Is Marriage for White People?
I’ve been preaching a series on marriage at our church, and in preparing for the series I stumbled across this book on Amazon. Like you the provocative title caught my eye, and so a few days later I found myself immersed in its pages.
Ralph Richard Banks has written a disturbing assessment of the African American family. A professor at Stanford University, Dr. Banks has provided us with a heart breaking diagnoses on the state of the Black family. For example, he writes:
“Over the past half century, African Americans have become the most unmarried people in our nation. By far. We are the least likely to marry and the most likely to divorce; we maintain fewer committed and enduring relationships than any other group. Not since slavery have black men and women been as unpartnered as we are now” (p.2).
Of course any diagnoses of the crises in the African American community would have to deal with the absence of strong Black men:
“Black women of all socioeconomic classes remain single in part because the ranks of black men have been decimated by incarceration, educational failure and economic disadvantage. In recent years, two black women have graduated college for every one black man. Two to one. Every year. As a result, college educated black women are more likely than college educated women of other races to remain unmarried or to wed a less educated man who earns less than they do” (pages 2-3).
The fifty-percent failure rate in marriage has become a popular statistic, but in the African American community the divorce rate is close to two-thirds! It’s no wonder I found myself at various points in Dr. Banks’ book fighting back tears.
As the book progresses Dr. Banks dives into the question of why? Why are strong homes particularly rare in the Black community? The absence of strong men, interracial relationships, the educational and therefore the economic disparity, the disproportionate amount of available women to men, have all swung the pendulum in favor of the few viable African American men. Aware of this power, Dr. Banks offers, these available men play the field, sadder still, the women allow themselves to be played.
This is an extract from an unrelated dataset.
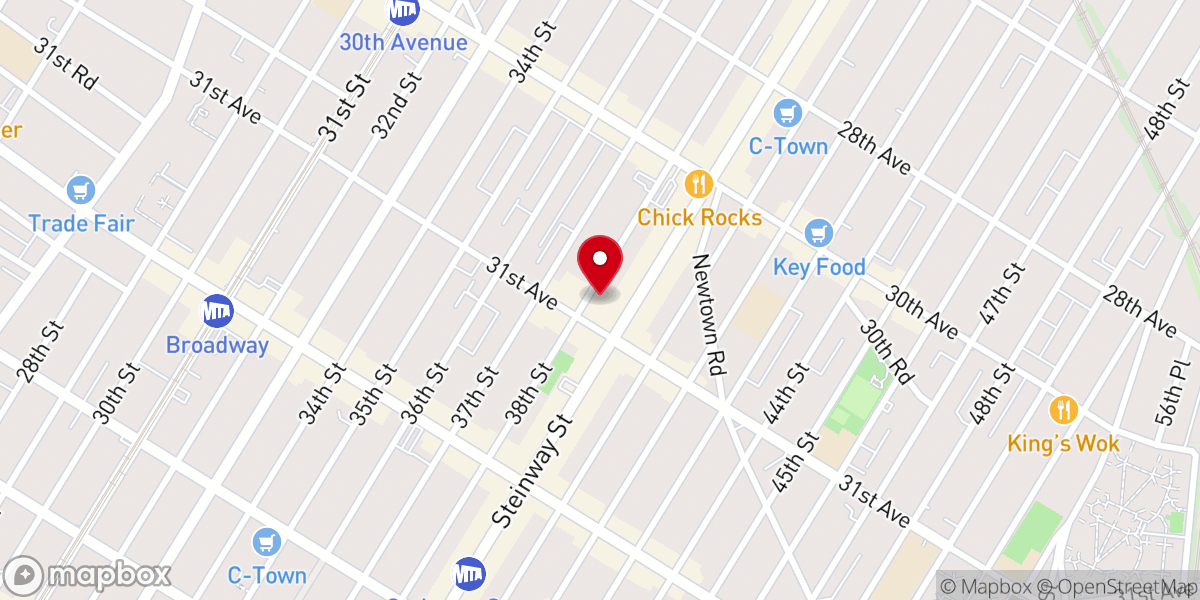 Map showing location of Astoria Animal Society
The result is devastating. Dr. Banks notes that, “Most alarmingly, almost half of all Black women have herpes” (p.64).
He goes onto write:
“According to incidence rates provided by the Centers for Disease Control and Prevention, black women are nearly fifteen times as likely as white women to be newly infected with HIV. And they are more likely than white women to have contracted the disease through heterosexual contact. Estimates are that more than three out of every four HIV+ black women have been infected through sex with a man. And because women may pass the virus on to their newborns, African American children comprise nearly two-thirds of all HIV+ young children in the United States” (p.65).
Sadly, everyone knows that a tributary of the marriage crisis is abortion, and that is heightened even more in the African American community:
“Years of national abortion statistics reflect troubling racial disparities. Black women have a disproportionate number of abortions in the United States, as a black woman is four to five times as likely as a white woman to have an abortion in any given year. According to data from the Centers for Disease Control and Prevention, African Americans, who constitute 13 percent of our nation’s female population, have more than one out of three abortions. Each year black women abort have a million fetuses. That figure exceeds the annual number of African Americans who are sent to prison, drop out of high school, or are victimized by violent crime” (pages 80-81).
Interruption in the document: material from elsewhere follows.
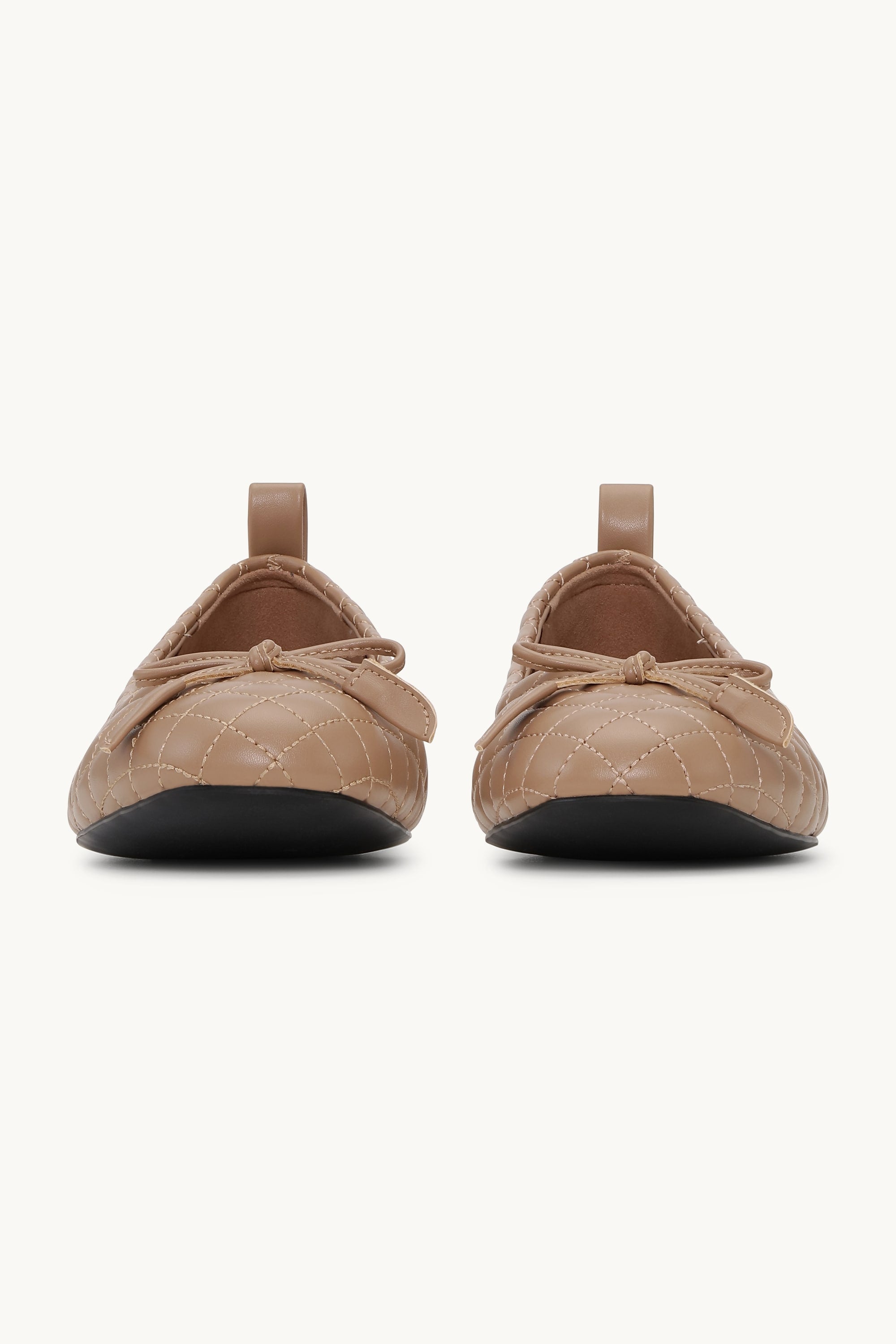 Quilted Ballerina - Clay Black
Is Marriage for White People? provides the reader with a simple diagnoses, it’s just an Xray, with no real solutions being offered. Problems are exposed, yet help is not suggested. In an ironic sense I felt myself both devastated and inspired as I pored over the pages of Dr. Banks’ text.
Marriage is the first institution God created. Before government or the church, there was Adam and Eve. He planted this married couple in the garden and gave them authority to exercise dominion, and to be fruitful and multiply. Years later, as Israel was about to go into the Promised Land, Moses instructed them in the great Shema passage that the primary vehicle of influence in this pagan place was to be the family (Deuteronomy 6:4-9). Dr. Tony Evans was right when he said that the primary venue for the transference of faith from one generation to the next is the home. Of course I am not pitting the church against the home, but it’s undeniable that Jesus, Paul and the leaders of the early church understood that there was an inextricable connection between strong churches and strong families (Matthew 19; Ephesians 5). Our churches need a steady diet of teaching on the family. Crisis counseling is not enough. Our people need to be shown consistently, from the Scriptures, God’s hopes and dreams for the home.
Is Marriage for White People? not only inspired my preaching, but my living as well. By God’s grace I want to be an example of an African American man who loves his wife for life. I want to love Korie as Christ loved the church. I want to show up for my kids, and uphold the vows that I took before God and the presence of several hundred witnesses on that warm Southern California July day in 1999.